In the past, automation did contribute to growth, but the number of jobs created was always much smaller than those eliminated. Most of the jobs that were created were as a result of a steady rise in global consumption for decades. As just about every nation's population is aging (less kids per capita) and the last large generation is beginning mass retirement, global consumption has not only stopped growing, it will start retracting. Fortunately for us, the US and Mexico baby boomers actually had a lot of kids relative to most other countries, so we should be much better off over the next couple decades than most of the world.
For decades, the rate of automation was slowed dramatically by shipping manufacturing overseas to stable countries with the lowest wages. This trend is stopping for a couple of reasons; in many manufacturing sectors, automation is about to become cheaper than the cheapest labor and, just as importantly, globalization is dieing and manufacturing is becoming more regional. In the next couple of decades, manufacturing in the US and Mexico will skyrocket.
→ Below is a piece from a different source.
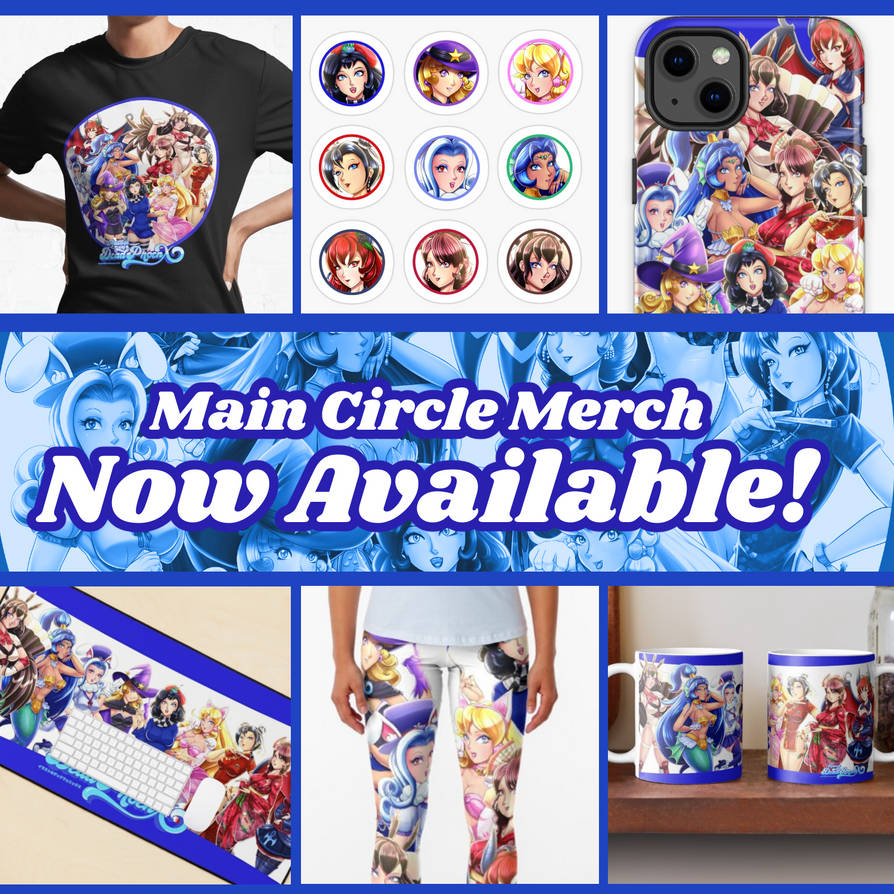 Main Circle Merch Launch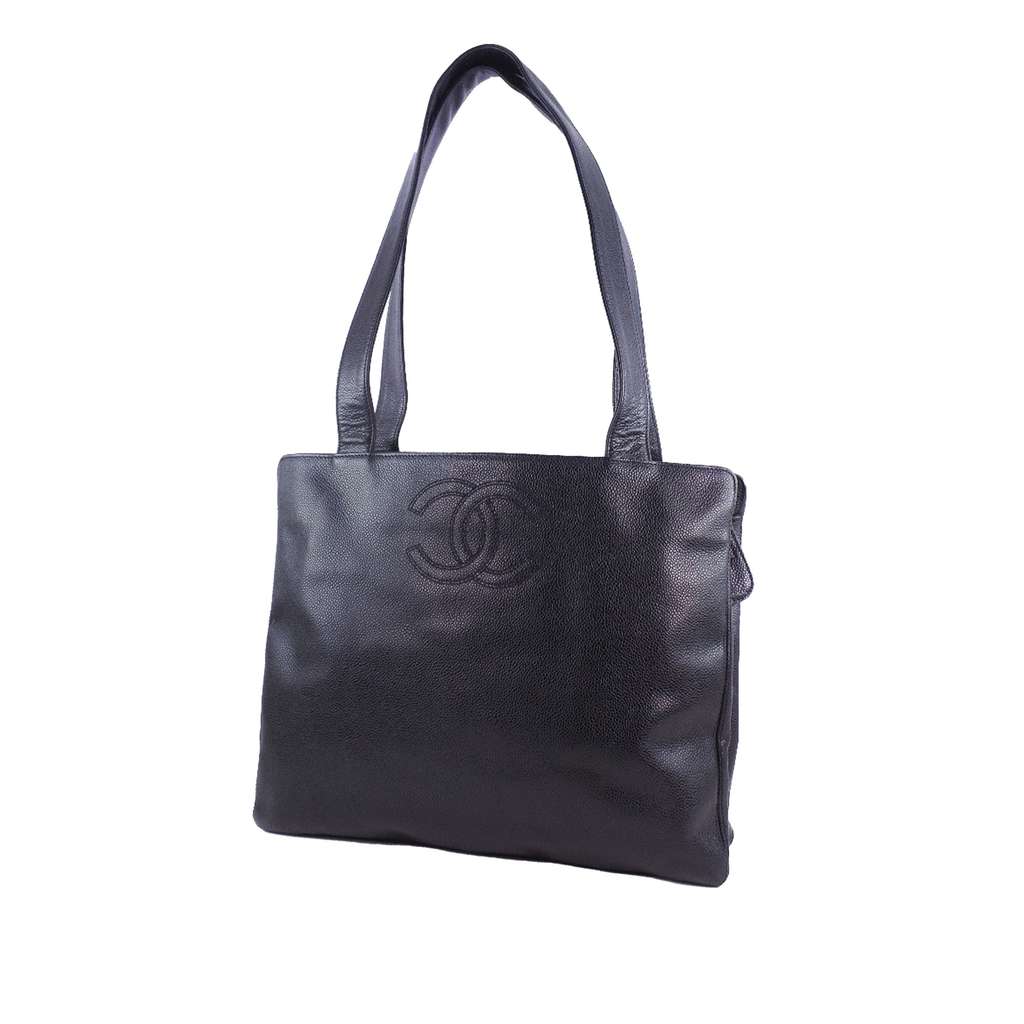 Chanel CC Caviar Tote - 2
Automation used to happen slowly, to a couple of sectors at a time. With global consumption shrinking, manufacturing shifting to regional, rather than global, and with automation affecting almost all fields at once instead of a few at a time, the rate of automation is dramatically increasing. Those that clung to the idea that automation creates more jobs than it replaces are in for a rude awakening very soon. The US and Mexico will be somewhat insulated against this over the next decade or two, but gen Z and the following generation will face bigger challenges that we ever did.